約束通り、ブラジャーを着けていないのを確認した理佐は「いい子~」と両頬に深い笑い皺を刻んだ。キュン、とときめく。私は理佐のキリリとしたキメ顔も綺麗で好きだけど、愛嬌たっぷりな笑顔がなによりも好きだった。
再度、私を向かい合うようにすると、服の上からつーっとなぞってきた。理佐の指先が胸の先端に近づくにつれて私の全神経が集中する。
「今日一日、ずっとそわそわしてたでしょ」
(理佐のせいで収録に集中できなかったんだからね!)
私は呪うように、少しの反抗ばかりと頰を膨らませた。
「だって、理佐が変なこと命令するから……!」
「気にしなくてもいいのに。どうせ無いくせに」
カッと顔が赤くなる。胸がないのは数多いコンプレックスの中の一つでもあった。顔だけではなくスタイルもいい理佐にはきっと分からないんだ。私は思わず虚勢を張った。
「う、うるさい、あるもん!」
「ほんと? じゃ、見せてよ」
理佐は勝ち誇るように、含み笑いを浮かべている。
(しまった!)
「ほら、早く見せて。あるんでしょ?」
「ええっ、誰か来たら……」
タイミングよく理佐の持っていたスマホが鳴り、ホーム画面が現れる。志田ちゃんからのライン通知だった。理佐はスマホ画面を眺めて、チラリとこちらを見た。そして、「もういいよ、私帰る」とふくれるような表情で言った。
「やだ、待って!」
帰ろうとドアに向かって歩き出す理佐を後ろから抱きしめる。理佐らしくない、甘く柔らかい香りがほのかにした。
「待てない。3、2……」
「やだ、見せるから! 理佐のいじわる……」
女同士の裸なんて、学校の林間学校とかの浴場イベントで見せ合う機会があるし、恥ずかしくないのに。好きな人に上半身を曝け出すなんて……顔から火が出る思いだった。目に涙を浮かべて訴えるほど、理佐はますます笑顔を浮かべているのだった。
意を決して、上半身だけ脱いで、好きな人の前に初めて裸体を見せる。おずおずと顔を上げると、好きな人は笑顔が消えていった。不満らしかった。
「……なに絆創膏はってんの?」
「だって、浮いてるの見えちゃったら」
「取って」
「えっ……」
好きな人は本当に意地悪だった。
(それじゃあ、大事な部分が見えちゃうじゃん、貼った意味がないじゃん。そんなの恥ずかしくて出来ないよ!)

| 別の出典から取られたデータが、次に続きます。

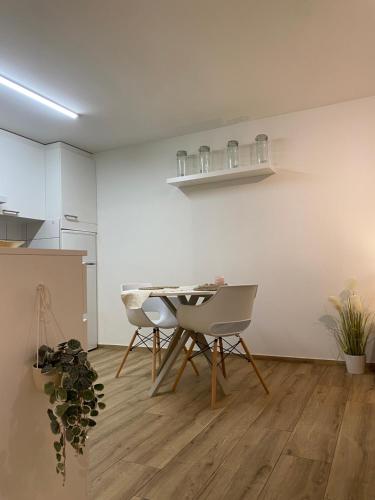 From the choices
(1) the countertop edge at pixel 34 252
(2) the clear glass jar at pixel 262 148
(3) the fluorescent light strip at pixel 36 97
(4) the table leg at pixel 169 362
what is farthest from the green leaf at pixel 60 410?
(2) the clear glass jar at pixel 262 148

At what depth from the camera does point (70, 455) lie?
1.29 m

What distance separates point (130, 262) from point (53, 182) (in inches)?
51.6

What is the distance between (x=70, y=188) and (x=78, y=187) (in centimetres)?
14

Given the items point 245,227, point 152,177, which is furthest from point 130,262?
point 245,227

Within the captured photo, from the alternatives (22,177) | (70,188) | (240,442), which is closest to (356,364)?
(240,442)

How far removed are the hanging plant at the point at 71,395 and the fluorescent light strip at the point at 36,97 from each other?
8.98 feet

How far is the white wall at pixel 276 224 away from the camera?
367 cm

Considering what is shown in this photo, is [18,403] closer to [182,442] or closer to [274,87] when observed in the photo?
[182,442]

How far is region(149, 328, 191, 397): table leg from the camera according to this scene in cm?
294

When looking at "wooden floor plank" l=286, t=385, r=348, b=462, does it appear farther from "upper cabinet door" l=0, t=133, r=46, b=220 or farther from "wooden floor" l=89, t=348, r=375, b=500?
"upper cabinet door" l=0, t=133, r=46, b=220

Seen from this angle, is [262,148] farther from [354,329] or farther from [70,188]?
[70,188]

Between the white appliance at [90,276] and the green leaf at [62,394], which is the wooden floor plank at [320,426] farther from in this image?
the white appliance at [90,276]

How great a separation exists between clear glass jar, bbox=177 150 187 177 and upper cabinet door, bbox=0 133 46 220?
162 centimetres

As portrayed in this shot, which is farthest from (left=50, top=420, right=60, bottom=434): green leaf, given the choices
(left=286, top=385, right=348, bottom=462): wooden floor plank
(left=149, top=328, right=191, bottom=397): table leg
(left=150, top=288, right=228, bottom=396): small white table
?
(left=149, top=328, right=191, bottom=397): table leg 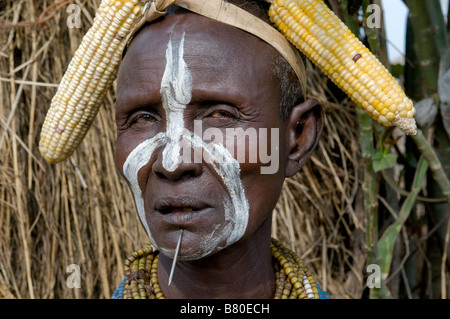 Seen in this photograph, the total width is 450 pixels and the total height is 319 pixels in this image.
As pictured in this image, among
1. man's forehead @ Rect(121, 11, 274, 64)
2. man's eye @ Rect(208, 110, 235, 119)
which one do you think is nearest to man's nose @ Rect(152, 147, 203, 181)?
man's eye @ Rect(208, 110, 235, 119)

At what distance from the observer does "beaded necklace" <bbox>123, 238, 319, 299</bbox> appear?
2.17m

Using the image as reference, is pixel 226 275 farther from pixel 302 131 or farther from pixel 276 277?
pixel 302 131

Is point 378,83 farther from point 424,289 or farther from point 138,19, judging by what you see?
point 424,289

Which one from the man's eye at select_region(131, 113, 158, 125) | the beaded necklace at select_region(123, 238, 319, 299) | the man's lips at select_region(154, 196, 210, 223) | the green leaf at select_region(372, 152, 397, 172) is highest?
the man's eye at select_region(131, 113, 158, 125)

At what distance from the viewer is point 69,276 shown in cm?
369

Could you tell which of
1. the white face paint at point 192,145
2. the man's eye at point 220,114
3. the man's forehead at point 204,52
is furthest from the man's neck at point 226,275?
the man's forehead at point 204,52

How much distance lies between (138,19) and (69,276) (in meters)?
2.13

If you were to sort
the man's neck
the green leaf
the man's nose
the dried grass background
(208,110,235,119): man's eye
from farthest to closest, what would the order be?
the dried grass background < the green leaf < the man's neck < (208,110,235,119): man's eye < the man's nose

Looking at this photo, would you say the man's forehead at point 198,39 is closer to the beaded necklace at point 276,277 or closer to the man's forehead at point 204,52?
the man's forehead at point 204,52

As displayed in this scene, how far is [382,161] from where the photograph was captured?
9.37 feet

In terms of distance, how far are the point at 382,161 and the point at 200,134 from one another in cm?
125

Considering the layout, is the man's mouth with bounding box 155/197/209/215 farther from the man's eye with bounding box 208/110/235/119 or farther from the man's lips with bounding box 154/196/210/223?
the man's eye with bounding box 208/110/235/119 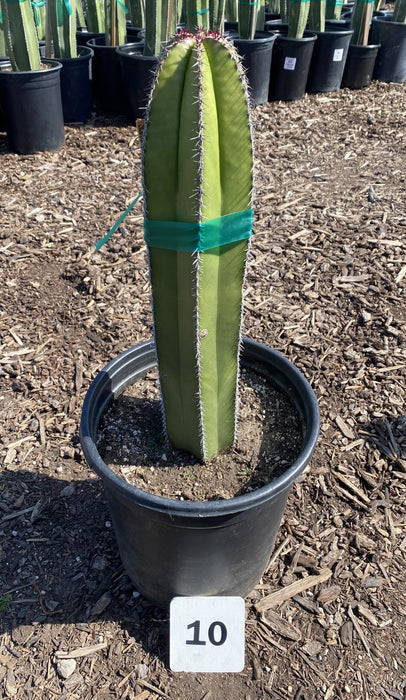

もじもじしながら動かない私に、やきもきした理佐は私の絆創膏に手をかけた。
「もういい、私が剥がすね」
「あっ、駄目!」
抵抗するも、理佐の手はピクリともせず、私の絆創膏をゆっくり剥がしていった。私のあまり豊かではない乳が少しばかり持ち上げられる。
「痛っ、痛いってば!」
絆創膏の三分の一ぐらい剥がすと、痛みがフッと消えた。片方のテープ部分が剥がし終わり、ガーゼ部分の剥がしにかかっていたからだ。ということは。
「駄目っ! お願い、見ないで……」
必死に懇願するも、彼女にとってはかえって逆効果でしかなかった。懇願もむなしく、勿体ぶるようにゆっくりと捲られ、ガーゼの下が露わになる。処女には堪え難い羞恥だった。好きな人の反応を確認する余裕も当然ながら、なかった。
しかし、そんな私に容赦のない言葉がかけられた。
「最後まで剥がさなくっちゃ」
理佐の瞳がいたずらっぽく光ると、一気に剥がした。
「あっ、痛っ!」
勢いよく剥がされた痛みで乳首を押さえる。理佐は剥がした絆創膏を丸めながら、押さえる手をどかして、乳輪に話しかけてきた。
「赤くなっちゃって、可哀想。撫でてあげる」
指先で私の乳輪をなぞるように、撫でてきた。全身にアドレナリンが駆け巡り、躰に慄えが走った。私は初めて性的興奮を覚えた。
「勃ってるよ、見かけによらず遊んでんだ?」
「あ、遊んでないよ! こういうのしたことないのに……ひどい」
私の反応が面白いのか笑いがこらえきれず、肩を震わせながら「ふふふっ」とこぼした。初心な反応をからかわれているような気がして、悔しくなった私は思わず挑戦的な態度に出てしまった。
「彼女いるのに、なんでこんなことするの!」
理佐の笑顔が消え、急に真顔になって私を見た。
「はっ?」
美人の真顔は怖くて怯んでしまうが、どうしても不安を払拭したかった。
「志田ちゃ……あぁっ!」
最後まで聞かずに、ぎゅっときつく乳首を摘んできた。
「愛佳のことはもう口に出さないで」
理佐は私が首を縦に振るのを確認すると、摘んだ指の力を緩んで、そっと撫で始めた。しばらくは押し潰したり、優しく摘んだり、弾いたりして私の乳首を玩具のように弄んでいる。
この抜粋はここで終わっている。